I have been invited to evaluate a beta version of ITHAKA' s text-mining product, which is tentatively titled Constellate. I'm thankful for the opportunity.
I have some knowledge of other text-mining products made available by library materials vendors like ProQuest and Gale. In my experience they work well, but they only offer the use of text materials found in those portions of individual vendors' available collections to which your particular institution has a subscription. If you want access to more materials for your data set, your institution needs to subscribe to more collections.
This type of product in general would be very helpful in teaching text data analysis at scale to non-programmers. I believe that humanities students can benefit from activities helping them to learn how to formulate hypotheses and evaluate evidence found in very large data sets. As individuals already receiving training in the critical evaluation of materials, they could make a valuable contribution to data-driven organizational activities in a number of fields. Put another way, employers of course need programmers able to build and adjust text-mining applications or sets of applications. But they also need critical thinkers to evaluate and results.

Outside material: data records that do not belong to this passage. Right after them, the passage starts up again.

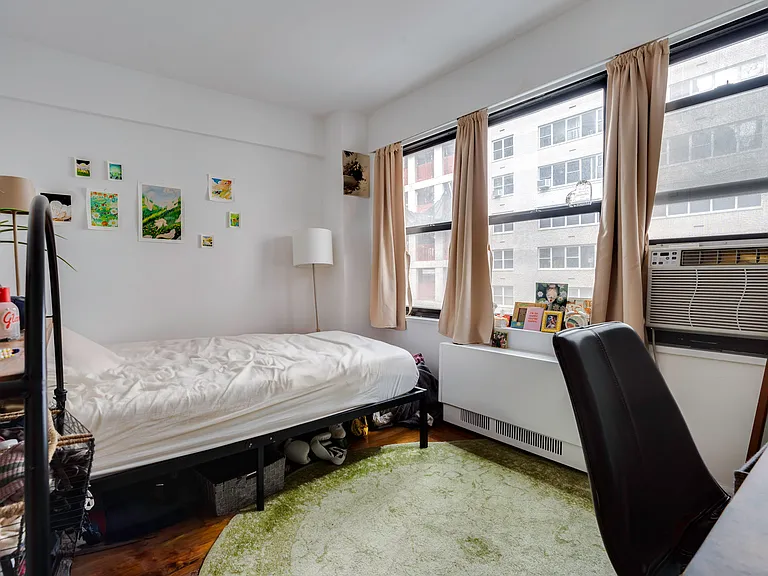 140 E 56th St #6C — Photo 6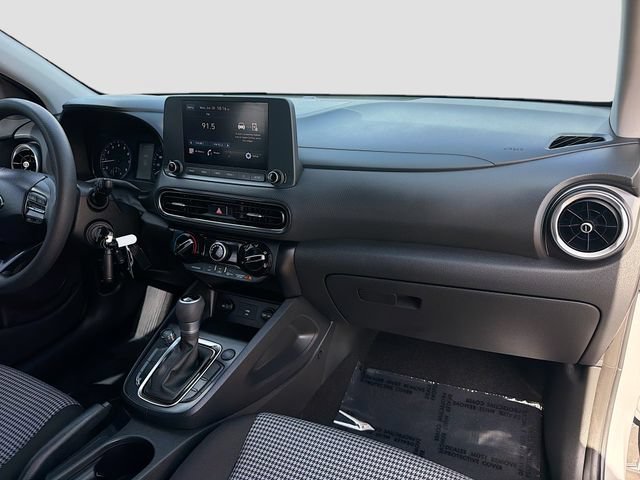 Used 2023 Hyundai Kona SE w/ Cargo Package FWD image 27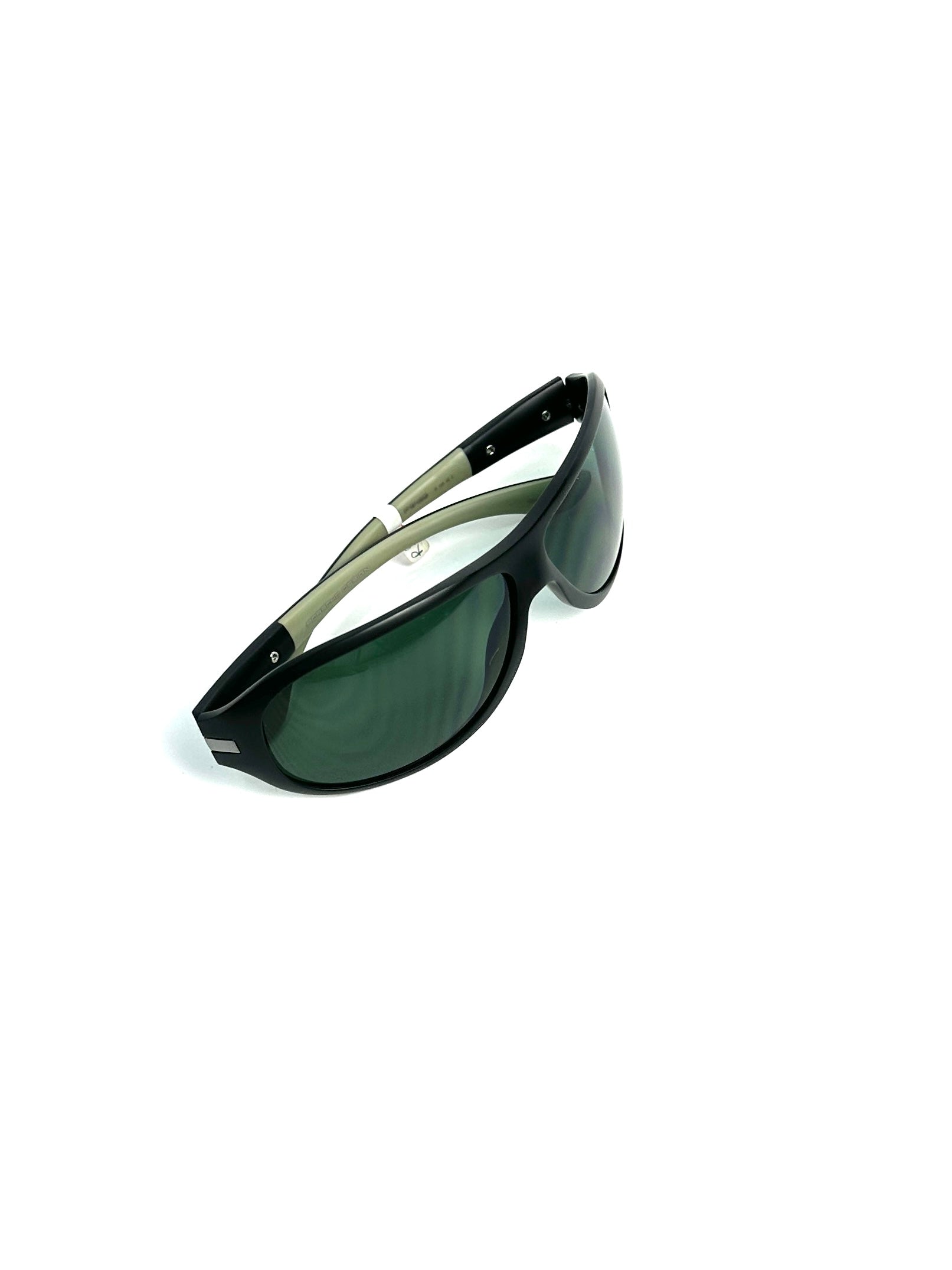 PORSCHE DESIGN P8425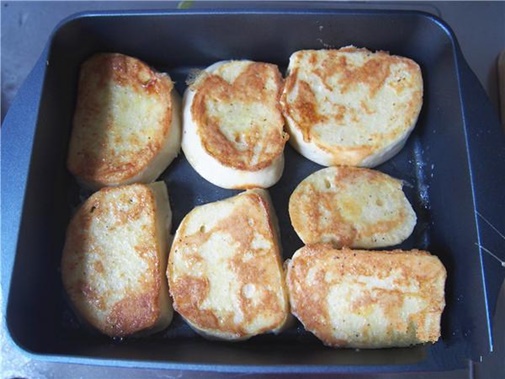 Thịt bò xông khói om hành tây cho bữa cơm đầm ấm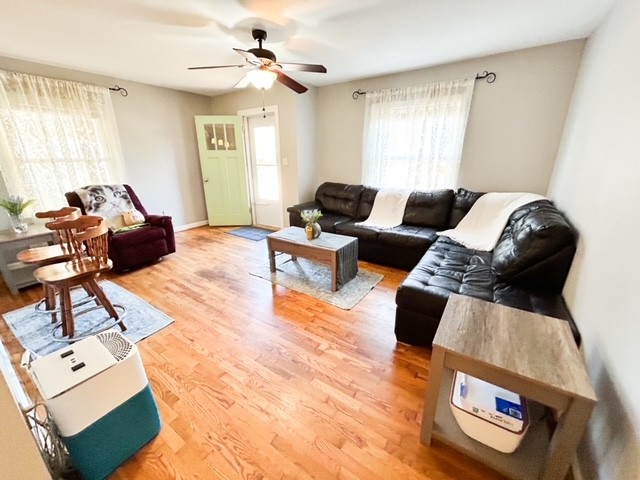 203 Glenhaven Road Paris, TN 38242 - Photo 4 of 42 a living room with furniture and a window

Access to a relatively limited number of text data sets is not a problem for this type of experiential learning, but it does present a large obstacle to original scholarly research. A paper making an argument based on the analysis of a data set that only contains those nineteenth-century text materials appearing in a ProQuest or Gale data set will very likely overlook a large part of the available historical record. Researchers need to be able to upload their own data sets into online text-mining services.
It is also my impression that the code and algorithms that do the data analysis for vendor-served text mining project remain proprietary, which means that researchers and collaborating programmers would be unable to download the code and customize it for their own use. Since in my experience effective text-mining often requires a great deal of adjustment and customization, this presents another problem.
Sales representatives for the above companies have made general statements about how their programmers were and are working on a function that would allow subscribers to upload their own data, but to my knowledge that has not happened. If any representatives of ProQuest, Gale, or other library vendors making similar products available have information to the contrary, please contact me and I will be happy evaluate your product.
I am very interested in Constellate because the ITHAKA representative with whom I spoke emphasized that their organization plans to present the service as A) able to analyze outside data sets, and B) willing to allow outside programmers to access its Python code for the purpose of customization. They hope to build a collection or set of open-source code applications that various Constellate users have constructed.
This would be a very promising situation for researchers, teachers and learners situated at R2 and smaller institutions lacking large financial resources.
I will spend the next few months working with Constellate and report on what I discover.